テッドが逆トリップ(1話目)
*短い基本的にオチがないシリーズ




散歩好きの相棒のプードルをひっぱって、私は粛々散歩した。わふわふわふ、と元気に吠えるわんころは、常にマックスモードである。

「よろしくおねがいしまーす」

語尾が伸びた掛け声が聞こえる。私は無言で片手を出した。「ありがとうございまーす」 カラオケ割引。私は静かに頷いた。そうして、高速ダッシュで逃げ出した。犬は激しく喜んでた。





     




コンタクトのティッシュ配りから卒業し、現在はカラオケ。派遣か何かに登録しているのだろうか。ちゃっかり馴染んでいるテッド(仮)であった。

つい先日、私はテッドがこっちの世界にやってきた瞬間を目撃した。そしてスルーしていたら、普通にアルバイトをしている姿を発見した。テッドすげえ。
あのときテッドに勇気を持って話しかけていれば、また別の展開があったのかもしれないが、一般人の私にとっては、ちょっとスキルが足りなかった。残念である。

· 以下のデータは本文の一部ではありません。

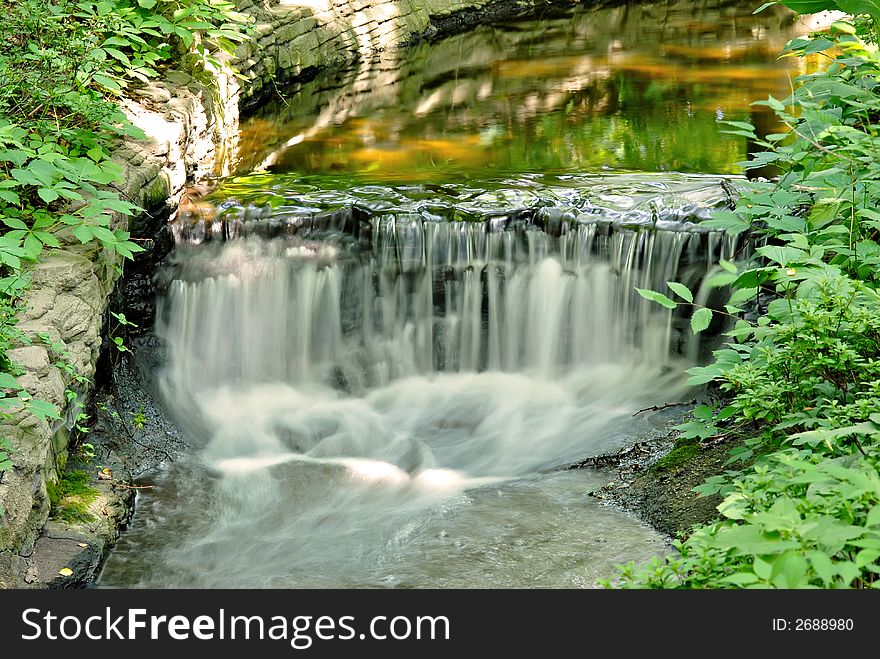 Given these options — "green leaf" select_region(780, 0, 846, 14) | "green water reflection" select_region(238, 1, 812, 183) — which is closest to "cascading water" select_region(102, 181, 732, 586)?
"green water reflection" select_region(238, 1, 812, 183)

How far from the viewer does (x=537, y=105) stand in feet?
32.8

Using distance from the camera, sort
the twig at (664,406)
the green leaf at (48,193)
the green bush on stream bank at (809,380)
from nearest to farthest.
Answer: the green bush on stream bank at (809,380) → the green leaf at (48,193) → the twig at (664,406)

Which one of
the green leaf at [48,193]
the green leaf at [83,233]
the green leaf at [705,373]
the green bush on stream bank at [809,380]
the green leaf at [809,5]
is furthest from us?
the green leaf at [83,233]

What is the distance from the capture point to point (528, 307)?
20.5 feet

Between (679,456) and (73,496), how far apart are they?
283 centimetres

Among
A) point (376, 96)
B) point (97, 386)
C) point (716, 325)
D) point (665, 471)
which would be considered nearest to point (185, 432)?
point (97, 386)

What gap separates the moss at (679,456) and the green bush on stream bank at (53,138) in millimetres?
2795

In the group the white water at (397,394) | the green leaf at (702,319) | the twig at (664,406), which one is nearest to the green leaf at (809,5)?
the green leaf at (702,319)

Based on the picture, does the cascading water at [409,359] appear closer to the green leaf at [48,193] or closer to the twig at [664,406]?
the twig at [664,406]

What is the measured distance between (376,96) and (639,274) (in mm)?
5540

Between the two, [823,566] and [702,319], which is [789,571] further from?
[702,319]

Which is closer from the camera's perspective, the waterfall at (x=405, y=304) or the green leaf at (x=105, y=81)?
the green leaf at (x=105, y=81)

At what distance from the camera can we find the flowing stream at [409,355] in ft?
15.0

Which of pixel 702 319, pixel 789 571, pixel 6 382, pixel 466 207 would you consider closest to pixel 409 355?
pixel 466 207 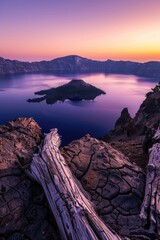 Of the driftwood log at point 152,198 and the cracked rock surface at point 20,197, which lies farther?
the cracked rock surface at point 20,197

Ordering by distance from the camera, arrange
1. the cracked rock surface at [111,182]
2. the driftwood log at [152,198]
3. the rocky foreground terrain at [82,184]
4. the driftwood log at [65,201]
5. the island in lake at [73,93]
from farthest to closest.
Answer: the island in lake at [73,93]
the cracked rock surface at [111,182]
the rocky foreground terrain at [82,184]
the driftwood log at [152,198]
the driftwood log at [65,201]

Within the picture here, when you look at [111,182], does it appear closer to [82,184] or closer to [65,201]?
[82,184]

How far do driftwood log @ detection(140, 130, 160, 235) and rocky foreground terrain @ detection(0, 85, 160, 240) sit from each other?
0.04 meters

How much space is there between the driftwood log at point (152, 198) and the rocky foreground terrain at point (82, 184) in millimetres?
40

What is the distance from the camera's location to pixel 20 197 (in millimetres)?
4742

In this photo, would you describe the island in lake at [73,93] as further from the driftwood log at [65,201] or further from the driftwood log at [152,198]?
the driftwood log at [152,198]

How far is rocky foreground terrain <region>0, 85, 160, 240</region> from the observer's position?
4.06 metres

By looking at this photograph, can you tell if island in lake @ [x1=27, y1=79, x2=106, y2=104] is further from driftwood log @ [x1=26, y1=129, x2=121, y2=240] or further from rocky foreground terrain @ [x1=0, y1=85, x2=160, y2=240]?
driftwood log @ [x1=26, y1=129, x2=121, y2=240]

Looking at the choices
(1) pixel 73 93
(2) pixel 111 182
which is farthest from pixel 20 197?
(1) pixel 73 93

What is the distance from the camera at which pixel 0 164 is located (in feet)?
17.9

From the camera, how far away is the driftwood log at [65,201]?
3395mm

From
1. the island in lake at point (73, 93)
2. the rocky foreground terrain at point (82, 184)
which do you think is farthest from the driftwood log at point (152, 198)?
the island in lake at point (73, 93)

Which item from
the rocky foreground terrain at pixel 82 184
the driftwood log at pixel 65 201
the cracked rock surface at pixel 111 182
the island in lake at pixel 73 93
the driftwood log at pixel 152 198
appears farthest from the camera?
the island in lake at pixel 73 93

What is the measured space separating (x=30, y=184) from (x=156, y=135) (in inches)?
175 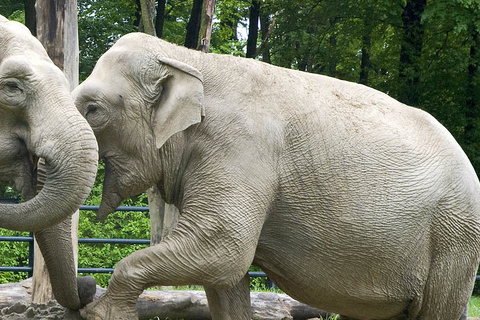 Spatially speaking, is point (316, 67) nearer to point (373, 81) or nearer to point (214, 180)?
point (373, 81)

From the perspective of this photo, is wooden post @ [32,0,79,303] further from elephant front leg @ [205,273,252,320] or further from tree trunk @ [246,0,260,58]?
tree trunk @ [246,0,260,58]

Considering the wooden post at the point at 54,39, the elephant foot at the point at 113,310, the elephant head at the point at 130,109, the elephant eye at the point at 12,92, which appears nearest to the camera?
the elephant eye at the point at 12,92

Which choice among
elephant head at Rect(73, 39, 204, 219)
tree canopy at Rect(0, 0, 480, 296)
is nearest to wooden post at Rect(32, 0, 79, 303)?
elephant head at Rect(73, 39, 204, 219)

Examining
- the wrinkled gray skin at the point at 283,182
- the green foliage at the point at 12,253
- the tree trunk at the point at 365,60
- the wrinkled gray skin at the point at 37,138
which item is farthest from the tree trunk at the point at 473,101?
the wrinkled gray skin at the point at 37,138

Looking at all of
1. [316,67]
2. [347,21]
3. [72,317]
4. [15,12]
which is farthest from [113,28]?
[72,317]

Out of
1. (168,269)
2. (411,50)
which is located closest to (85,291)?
(168,269)

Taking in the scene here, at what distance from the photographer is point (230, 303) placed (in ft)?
18.5

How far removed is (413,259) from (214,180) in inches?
58.1

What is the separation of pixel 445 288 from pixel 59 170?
2754 mm

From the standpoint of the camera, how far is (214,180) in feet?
15.8

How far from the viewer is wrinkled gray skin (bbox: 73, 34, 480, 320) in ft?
15.7

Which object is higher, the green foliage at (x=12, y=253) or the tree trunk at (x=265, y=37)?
the tree trunk at (x=265, y=37)

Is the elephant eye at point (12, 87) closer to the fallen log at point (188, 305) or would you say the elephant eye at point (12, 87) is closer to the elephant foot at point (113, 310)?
the elephant foot at point (113, 310)

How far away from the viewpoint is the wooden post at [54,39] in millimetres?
7527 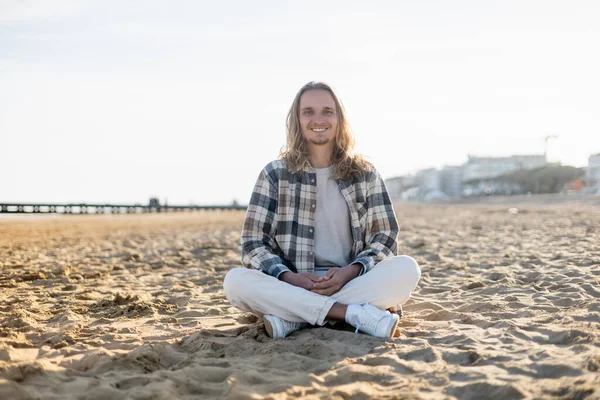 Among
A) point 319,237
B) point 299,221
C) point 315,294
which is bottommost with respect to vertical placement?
point 315,294

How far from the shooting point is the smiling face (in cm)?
333

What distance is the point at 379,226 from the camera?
10.9 feet

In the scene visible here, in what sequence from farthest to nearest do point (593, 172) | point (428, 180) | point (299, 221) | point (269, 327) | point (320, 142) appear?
point (428, 180) → point (593, 172) → point (320, 142) → point (299, 221) → point (269, 327)

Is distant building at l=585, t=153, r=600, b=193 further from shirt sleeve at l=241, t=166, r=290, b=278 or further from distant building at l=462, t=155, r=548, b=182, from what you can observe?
shirt sleeve at l=241, t=166, r=290, b=278

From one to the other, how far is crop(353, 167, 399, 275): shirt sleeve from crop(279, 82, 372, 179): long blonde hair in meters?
0.14

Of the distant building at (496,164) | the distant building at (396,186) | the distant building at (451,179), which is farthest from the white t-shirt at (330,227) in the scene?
the distant building at (396,186)

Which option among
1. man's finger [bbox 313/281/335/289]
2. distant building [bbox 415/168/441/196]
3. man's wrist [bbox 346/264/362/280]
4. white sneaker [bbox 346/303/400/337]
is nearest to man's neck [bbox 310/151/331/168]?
man's wrist [bbox 346/264/362/280]

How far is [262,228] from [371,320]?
0.86 metres

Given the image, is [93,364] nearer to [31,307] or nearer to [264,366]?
[264,366]

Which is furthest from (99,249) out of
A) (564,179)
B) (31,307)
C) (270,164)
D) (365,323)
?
(564,179)

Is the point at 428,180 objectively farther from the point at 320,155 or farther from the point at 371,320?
the point at 371,320

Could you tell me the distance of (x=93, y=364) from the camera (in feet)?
8.41

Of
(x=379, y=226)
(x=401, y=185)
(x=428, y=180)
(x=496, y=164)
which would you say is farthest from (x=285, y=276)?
(x=401, y=185)

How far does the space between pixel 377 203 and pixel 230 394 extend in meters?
1.65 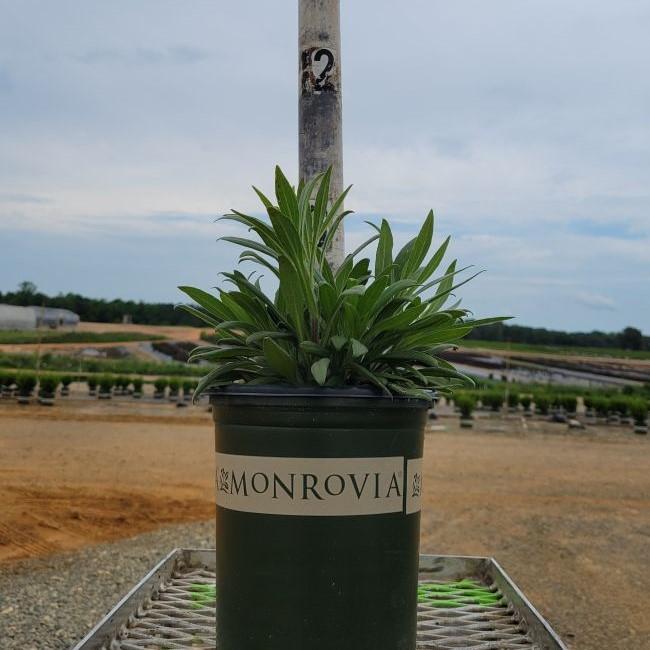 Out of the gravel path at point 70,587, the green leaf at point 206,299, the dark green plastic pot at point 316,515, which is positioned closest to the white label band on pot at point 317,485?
the dark green plastic pot at point 316,515

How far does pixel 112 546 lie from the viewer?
4.83 meters

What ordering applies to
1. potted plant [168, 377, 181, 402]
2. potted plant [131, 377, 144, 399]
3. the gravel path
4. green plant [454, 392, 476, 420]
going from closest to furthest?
the gravel path → green plant [454, 392, 476, 420] → potted plant [131, 377, 144, 399] → potted plant [168, 377, 181, 402]

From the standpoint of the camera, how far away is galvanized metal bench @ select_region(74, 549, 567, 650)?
2135 millimetres

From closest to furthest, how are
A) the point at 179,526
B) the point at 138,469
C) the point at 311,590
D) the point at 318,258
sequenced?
the point at 311,590, the point at 318,258, the point at 179,526, the point at 138,469

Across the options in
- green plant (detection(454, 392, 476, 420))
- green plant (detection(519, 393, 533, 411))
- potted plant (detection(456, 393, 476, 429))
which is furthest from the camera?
green plant (detection(519, 393, 533, 411))

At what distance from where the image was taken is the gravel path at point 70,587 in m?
3.33

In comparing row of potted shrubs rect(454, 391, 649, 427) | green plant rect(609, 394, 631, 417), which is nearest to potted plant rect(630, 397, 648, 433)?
row of potted shrubs rect(454, 391, 649, 427)

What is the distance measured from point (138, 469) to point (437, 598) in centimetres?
609

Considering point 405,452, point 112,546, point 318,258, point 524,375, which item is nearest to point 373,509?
point 405,452

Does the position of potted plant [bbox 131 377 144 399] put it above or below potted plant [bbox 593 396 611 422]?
above

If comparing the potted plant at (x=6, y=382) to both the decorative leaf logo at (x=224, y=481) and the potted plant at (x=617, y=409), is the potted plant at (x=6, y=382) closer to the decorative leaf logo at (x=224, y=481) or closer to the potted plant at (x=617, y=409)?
the potted plant at (x=617, y=409)

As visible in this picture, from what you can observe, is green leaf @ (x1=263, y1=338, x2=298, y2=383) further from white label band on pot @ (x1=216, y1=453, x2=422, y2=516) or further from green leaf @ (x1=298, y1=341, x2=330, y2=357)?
white label band on pot @ (x1=216, y1=453, x2=422, y2=516)

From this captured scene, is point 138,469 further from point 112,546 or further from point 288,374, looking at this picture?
point 288,374

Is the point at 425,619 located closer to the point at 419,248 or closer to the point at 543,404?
the point at 419,248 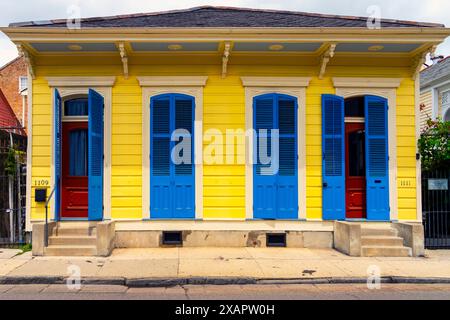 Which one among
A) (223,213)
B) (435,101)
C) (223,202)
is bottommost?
(223,213)

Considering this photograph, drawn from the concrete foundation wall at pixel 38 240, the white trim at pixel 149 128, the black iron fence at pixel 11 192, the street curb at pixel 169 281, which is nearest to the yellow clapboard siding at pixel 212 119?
the white trim at pixel 149 128

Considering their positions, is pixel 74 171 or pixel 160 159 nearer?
pixel 160 159

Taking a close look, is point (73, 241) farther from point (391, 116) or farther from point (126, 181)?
point (391, 116)

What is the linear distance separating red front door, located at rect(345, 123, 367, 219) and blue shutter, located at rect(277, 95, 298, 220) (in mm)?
1408

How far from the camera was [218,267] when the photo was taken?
7.39m

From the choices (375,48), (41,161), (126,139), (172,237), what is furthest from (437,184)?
(41,161)

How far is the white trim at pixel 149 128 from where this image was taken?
363 inches

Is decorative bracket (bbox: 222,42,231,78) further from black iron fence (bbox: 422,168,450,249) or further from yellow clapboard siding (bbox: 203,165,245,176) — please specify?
black iron fence (bbox: 422,168,450,249)

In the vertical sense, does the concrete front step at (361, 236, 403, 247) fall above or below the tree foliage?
below

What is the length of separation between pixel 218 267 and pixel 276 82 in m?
4.54

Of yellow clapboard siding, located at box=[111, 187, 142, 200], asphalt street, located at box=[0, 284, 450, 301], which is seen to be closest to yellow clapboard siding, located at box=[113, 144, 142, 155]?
yellow clapboard siding, located at box=[111, 187, 142, 200]

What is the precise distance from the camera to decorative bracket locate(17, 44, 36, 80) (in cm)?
873

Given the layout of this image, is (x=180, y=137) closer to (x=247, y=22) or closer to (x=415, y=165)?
(x=247, y=22)

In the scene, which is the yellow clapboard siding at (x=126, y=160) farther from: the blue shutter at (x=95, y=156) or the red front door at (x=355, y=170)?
the red front door at (x=355, y=170) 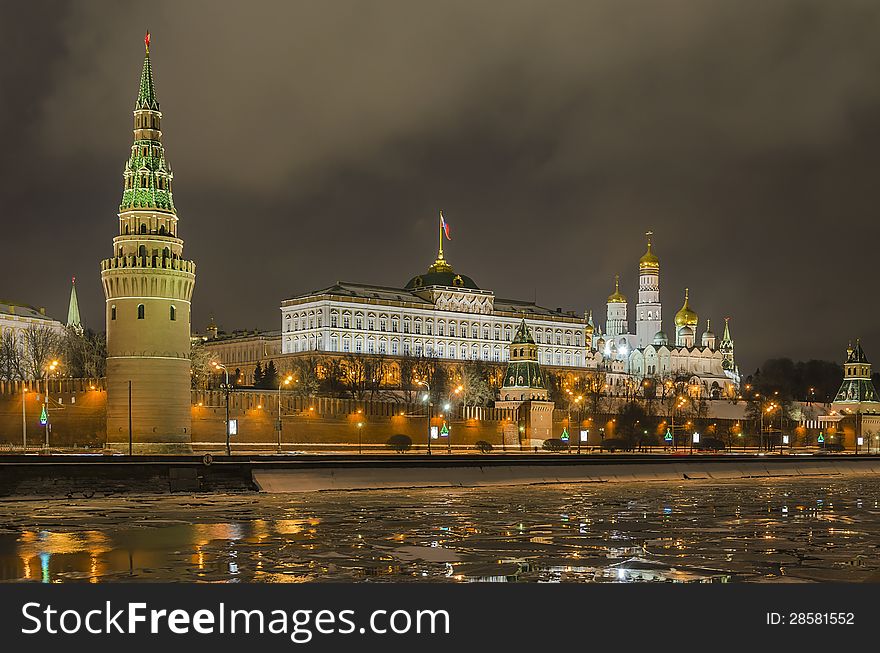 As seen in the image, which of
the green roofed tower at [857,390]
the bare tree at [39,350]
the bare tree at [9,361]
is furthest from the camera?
the green roofed tower at [857,390]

そういうしているうちに、ティッシュ配りのアルバイトは終了してしまったらしい。この珍しい状況が終了してしまうとは、なんとも口惜しいと若干心の底で思いながら、私は日々犬の散歩をした。そして、「新商品の試供品でーす」 ぼんやり顔で、お菓子を配っているテッドを駅前にて発見した。

私はもぐもぐお菓子をいただきながら、アンケートに回答した。「ありがとうございまーす」 そこそこに美味しかったので、中々満足し帰宅させて頂いた。


うちの街には、なぜかテッドっぽい人がいる。